= Pioneer Regional School Corporation =

School district in Indiana

Pioneer Regional School Corporation is a school corporation located in Royal Center in Indiana, United States.

The district extends into White County.

==General information==

The Pioneer Regional School Corporation consists of five townships, four of which are in Cass County (Boone, Harrison, Jefferson, and Noble), and one which is in White County-Cass township.
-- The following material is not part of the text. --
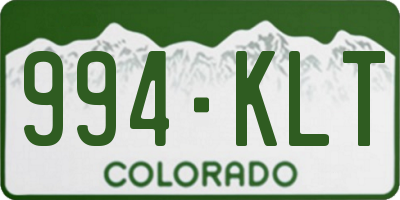 CO license plate 994KLT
The corporation covers 153 sqmi and includes the communities of Lucerne, Headlee, Lake Cicott, and Royal Center.

The two schools encompassed in the Regional School Corporation are Pioneer Elementary School, serving grades K–6, and Pioneer Junior – Senior High School, serving grades 7–12. The school mascot is a black panther, and the school anthem is "Mighty Panthers".

==School history==

The organization of the Pioneer Regional School Corporation was brought about by the Reorganization Act of Indiana of 1959. This act required that all schools within the state of Indiana be organized into single-unit school corporations of at least one thousand students in attendance.

The only existing and occupied building eliminated during the reorganization process was the school at Lucerne, which was closed in 1966 when the junior-senior high school building was completed and occupied. The corporation also has one elementary building, which, along with the junior-senior high school, is located in Royal Center.

Pioneer School Corporation was originally known as Royal Center High School, and its mascot was a bulldog.

The organizational meeting for the board of trustees was called by Chalmer Condon, then superintendent of Cass County Schools, on January 2, 1963. The members of the first board of trustees of the Pioneer Regional School Corporation were Paul Harrison, president; H.W. Roller, vice president; Roger Ide, secretary; Harold Wilson, treasurer; and Donald Heiny, assistant secretary. The corporation's first superintendent was Ralph L. Kelly, who served until January 20, 1968.